Cari Amici,
non appena fuori la città di San Giovanni Rotondo, sulla SS 272 che porta a Monte Sant'Angelo, un bivio immette sull'antica via percorsa dai pellegrini che si recavano alla sacra grotta dell'Arcangelo Michele. Si tratta della Via Francigena o, com'è nota da queste parti, la Via Sacra Langobardorum. Calpestando le orme di quei devoti camminatori, abbiamo raggiunto a piedi un altro dei suggestivi siti garganici: l'eremo di San Nicola di Prato Pantano.
Il nome deriva dal fatto che un tempo il monastero fronteggiava una specie di laghetto, a essere precisi una palude (pantano) poi bonificata e destinata all'agricoltura. Il paesaggio, infatti, appare decisamente bucolico. Per strada incrociamo un gregge di pecore e sparse qua e là ammiriamo alcune casette di contadini.
L'eremo di San Nicola è oggi un rudere malconcio, poco leggibile e deturpato dalla presenza di una masseria il cui proprietario avrebbe costruito volentieri anche sul resto delle rovine. Per fortuna non ne ottenne mai il permesso, ma ugualmente è riuscito a rovinare un pezzo di storia...
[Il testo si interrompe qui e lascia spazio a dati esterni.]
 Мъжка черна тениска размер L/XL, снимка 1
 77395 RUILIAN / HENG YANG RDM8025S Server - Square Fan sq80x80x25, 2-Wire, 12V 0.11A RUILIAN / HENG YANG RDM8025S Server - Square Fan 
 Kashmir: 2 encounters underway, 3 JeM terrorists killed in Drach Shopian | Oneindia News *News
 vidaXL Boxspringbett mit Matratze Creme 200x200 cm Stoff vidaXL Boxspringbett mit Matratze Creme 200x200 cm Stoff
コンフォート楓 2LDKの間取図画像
La chiesa fu edificata dai monaci benedettini di Cava dei Tirreni tra il 1086 e il 1090. Aveva una pianta basilicale, era priva di cupola e illuminata da due soli finestroni. I documenti ci parlano di un monastero superorganizzato che disponeva di una sacrestia, di un chiostro con la cisterna, di celle per i monaci e anche di un "ospedale" per l'accoglienza e il ricovero dei pellegrini. Come conferma pure un diploma emesso da Federico II nel 1225, i religiosi erano proprietari di tutto il complesso e del territorio adiacente.
La storia di San Nicola, tuttavia, non procede lineare come sembrerebbe e a tratti è avvolta nel mistero. A un certo punto il monastero passa in reggenza provvisoria ai monaci dell'Ordine Cavalleresco dei Teutonici che però l'abbandonano per ragioni ignote. Nel 1270 Carlo I D'Angiò intima all'abate del monastero cavense di rientrarne in possesso. Egli obbedisce ma, pur rimanendo proprietà dei benedettini, esso viene abbandonato una seconda volta e ancora per motivi che non sappiamo.
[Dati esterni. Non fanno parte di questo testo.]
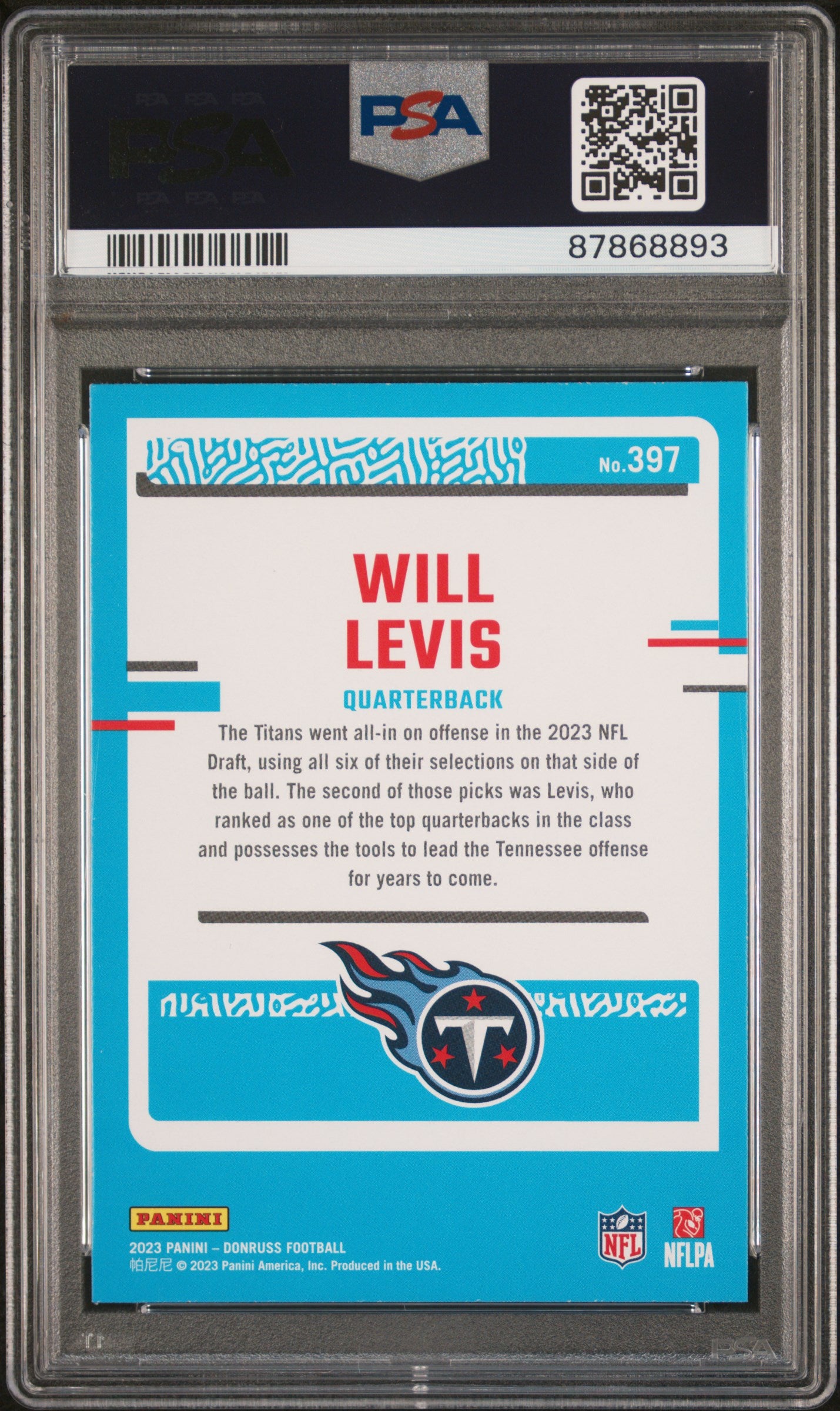 2023 Panini Donruss Will Levis #397 PSA 10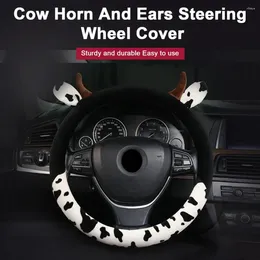 ステアリングホイールカバーぬいぐるみカバー15インチの牛のプリントカーは、女性のための角の耳を伸ばします汗吸収吸収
A partire dal 1506 anche i documenti sembrano dimenticarsene, menzionando solo la vicina abbazia di Sant'Egidio, ridotta ugualmente ai minimi termini. Anche se non rimane quasi nulla e il mistero è fitto almeno quanto i cespugli cresciuti sul terreno, noi ci lasciamo affascinare dalla pietra e con un po' di fantasia ripercorriamo l'antico splendore di questo luogo. Il collega Nunzio individua quella che doveva essere un'acquasantiera sulla quale è incisa un'iscrizione in greco.
L'enigma ci ha letteralmente risucchiati ma è ora di andare. Il tramonto colora ciò che rimane e ciò che rimane è la traccia di un passato che purtroppo non sarà mai più possibile recuperare. Lasciamo queste mura con un senso d'impotenza. La storia, maestra di vita, ci ha dato comunque una lezione: se perdiamo la bellezza, perdiamo tutto.